What liberals who conflate their ideology with a free market capitalist ethic fail to realise that much of the progress attained by the superpowers of the 19th century – Britain and the US – couldn’t have been achieved without outward (in the case of Britain) and inward (in the case of the US) industrial expansion financed by the government. Following the end of the American Civil War, for instance, railroad companies accepted grants of land running into millions of acres from Washington.
Classical liberals, particularly of the Austrian School, could not resolve this contradiction. Instead they came up with the idea of a spontaneous order: the idea that free markets evolved due to human action, not design; through the interactions of individuals, not the commands of governments. The issue with this approach is that industrial growth in the US and Britain was the result not of a spontaneous order, but of a planned one.
The spontaneous order thesis, propounded years ago in Colombo (at an Advocata seminar) by Razeen Sally, would be that the State should be an umpire, designing and enforcing “the rules of the game” but not playing that game. Yet as the American, British, and East Asian experience shows, free market capitalism evolved in countries where the state played both umpire and player. In all these situations state-led industrialisation preceded high growth; until industrial expansion could take place, there was no other way for these economies to take off.

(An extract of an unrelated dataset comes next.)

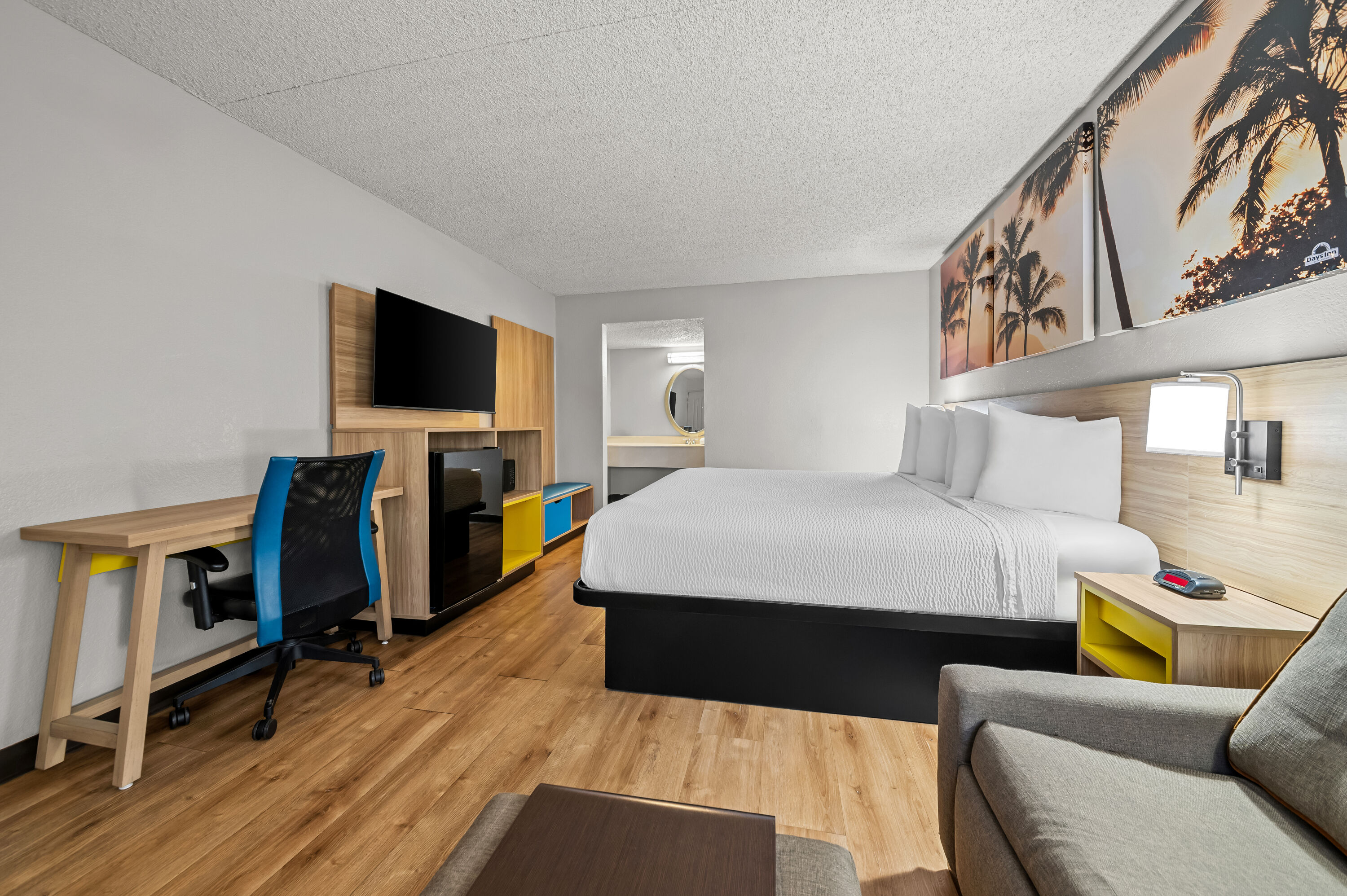 King bed guest room at the Days Inn by Wyndham Buena Park in Buena Park, California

The lesson here is that in countries with low levels of industry, classical liberalism will prove to be irrelevant. The economies of the First World are where they are today not because they put into effect the tenets of free market liberals, but because they process raw material imported for cheap from those of the Third World, which remain as underdeveloped as ever. There’s a word for this: neo-colonialism.
Where a government attempts neoliberal shock therapy while bypassing the prerequisites of industrialisation, it will widen inequality, leading to its entrenchment in the face of growing dissent and thereby contradicting the classical liberal maxim that where economic freedom prevails, so too will political freedom. In such a scenario the government cannot afford to be just a Night Watchman. Especially not in countries like ours, where neither industrialisation nor local manufacture, so far, has taken off.